Resumen del libro:
La madre de Mashenka ha muerto. Hace algún tiempo había sucedido lo mismo con su padre, de suerte que ha quedado sola, encargada de Sonia —su hermana menor— y apenas guiada por Katia, la institutriz. Mashenka tiene 17 años y debido a este triste panorama se muestra circunspecta y sin expectativas. Pero he aquí que un día cualquiera visita su casa Serguei Mijailovic, un antiguo amigo de su padre, a la sazón, encargado de algunos de los asuntos legales de la familia. Ella lo recuerda con agrado, aunque han pasado más de seis años desde la última vez en que se vieron. Será él, con su humor e inteligencia, el que saque a la muchacha de su retraimiento y la inste a continuar con su vida.
CAPÍTULO I
Estábamos de luto por la muerte de nuestra madre, ocurrida el otoño anterior, y pasamos todo el invierno en él campo, las tres solas: Macha, Sonia y yo.
Macha era una antigua amiga de la casa; había sido nuestra aya, y nos había educado a todas. Mis recuerdos, así como mi afecto por ella, remontábanse tan lejos como los recuerdos de mí misma.
Sonia era mi hermana menor.
El invierno transcurrió para nosotras sombrío y triste, en nuestra vieja morada de Poltrovski. El tiempo fue tan frío y ventoso, que la nieve llegó a amontonarse a mayor altura que las ventanas, las cuales estaban casi continuamente cubiertas de hielo y empañadas; por otra parte, apenas pudimos salir a pasear durante casi toda la temporada.
Era muy raro que viniera alguien a vernos, y quienes nos visitaban no traían alegría ni jovialidad a nuestra casa. Todo ofrecían: un rostro apenado, hablaban en voz baja, como si tuviesen miedo de despertar a alguien; procuraban no reír; suspiraban y, a menudo, lloraban al mirarme, sobre todo a la vista de mi pobre Sonia, vestida con su trajecito negro. En la casa todo revelaba, de una u otra manera, la muerte cercana; la aflicción y el horror de la pérdida flotaban en el aire. El cuarto de mamá seguía cerrado, y yo sentía un malestar cruel, a la par que un deseo irresistible de dirigir una furtiva mirada al interior de aquel frío y desierto aposento, cuando pasaba cerca del mismo al irme a acostar.

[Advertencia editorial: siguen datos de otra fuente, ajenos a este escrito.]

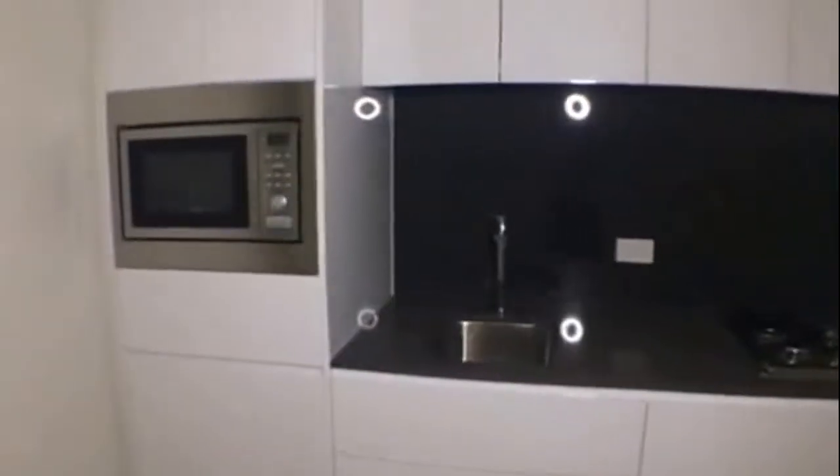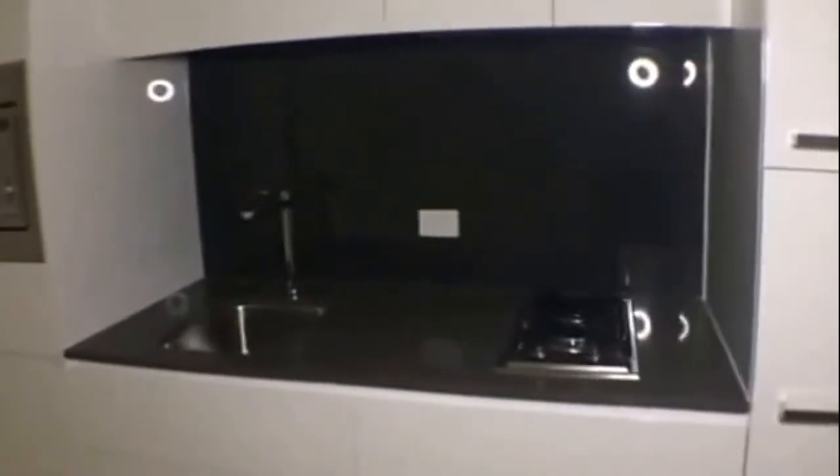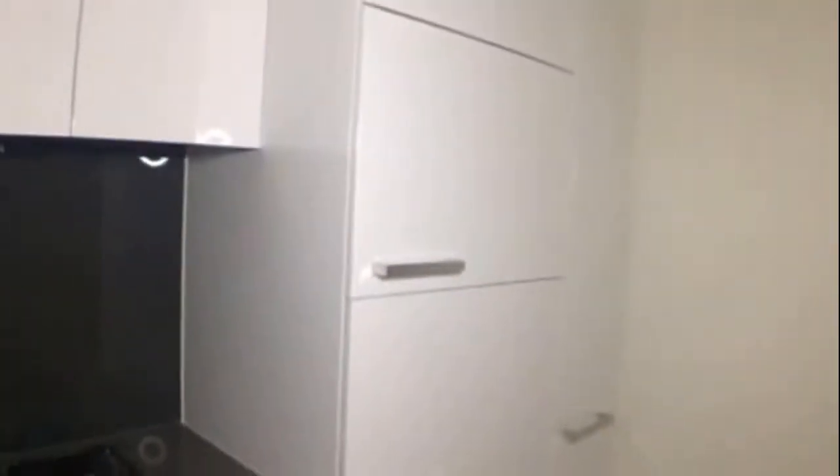As we head out, we'll take a look at the kitchen. And again, very well appointed — stainless steel appliances, stone benchtop, glass splashback. Also got an inbuilt fridge and freezer, and an inbuilt dishwasher drawer.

Contaba yo diez y siete años en aquella época, y el mismo año de su muerte, mamá había tenido la intención de instalarse en la capital para presentarme en sociedad. La pérdida de mi madre fue para mí causa de profundo dolor; mas debo confesar que, aparte esta pena, al sentirme joven y hermosa, como me hacían creer a todas horas, experimentaba cierto desconsuelo de verme condenada a vegetar otro invierno en el campo, entre tan árida soledad. Ya antes de terminar aquel invierno, el sentimiento melancólico de la soledad, el del aislamiento, y por decirlo más claramente, el del fastidio, crecieron en mí hasta tal punto que no salía jamás de mi cuarto, y me pasaba las horas sin abrir el piano ni hojear un solo libro. Cuando Macha me instaba a ocuparme en una u otra cosa, le respondía: «No quiero, ni puedo»; y en el fondo de mi alma una voz me preguntaba: «Después le todo, ¿para qué? ¿Para qué hacer esto o lo otro, si lo mejor de mi vida se consume inútilmente? ¿Para qué?». Y a este para qué no había en mí otra respuesta que las lágrimas.

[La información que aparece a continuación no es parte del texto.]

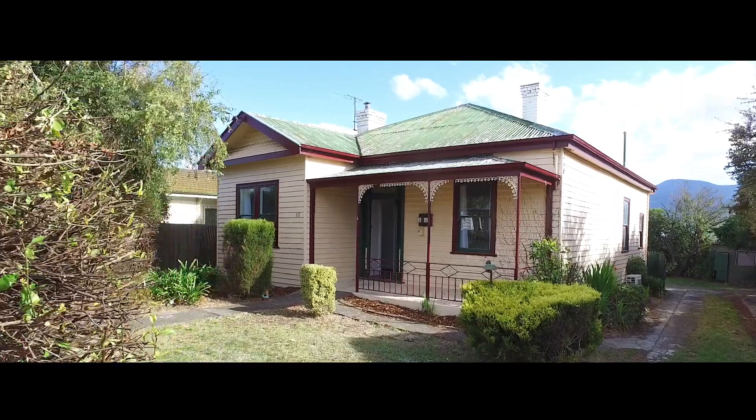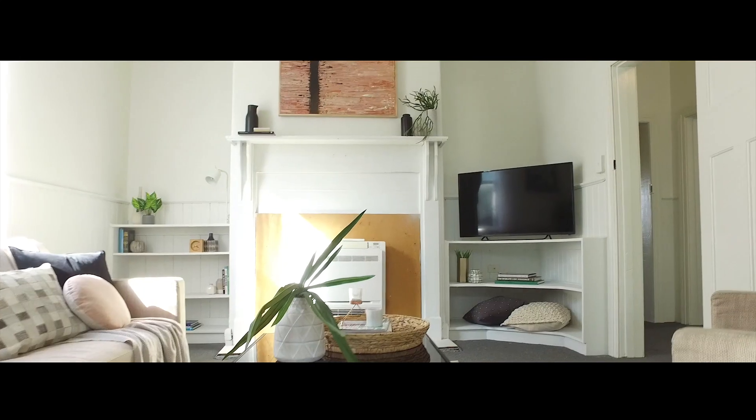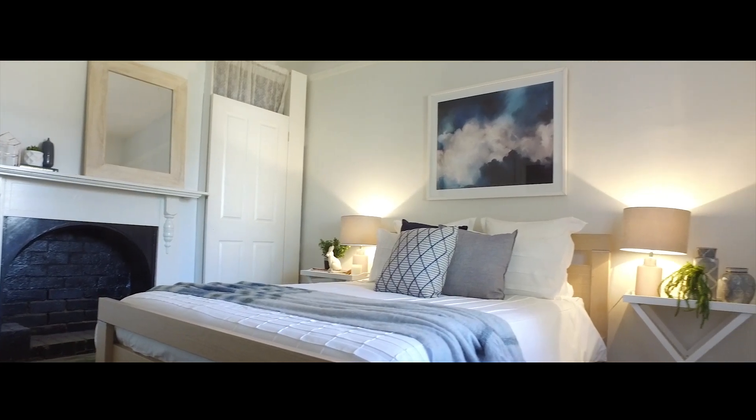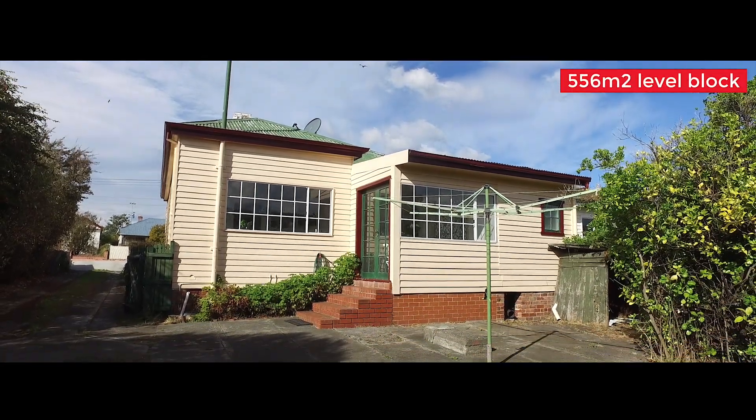This property has all the character features you would associate with a Federation home — the beautiful high ceilings, stained glass entry, sash windows and picture railings. This all makes for the perfect basis for a warm and welcoming home with so much potential to add value and make it your own.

Decíanme durante todo este tiempo, que enflaquecía y me afeaba; mas ello no me preocupaba lo más mínimo. ¿Por qué, y para quién habría de interesarme? Parecíame que toda mi vida debía deslizarse en aquel desierto, en el seno de aquella angustia sin nombre, efe dónde, entregada a mis propios y únicos recursos, no me sentía con fuerzas ni abrigaba siquiera deseos de arrancarme.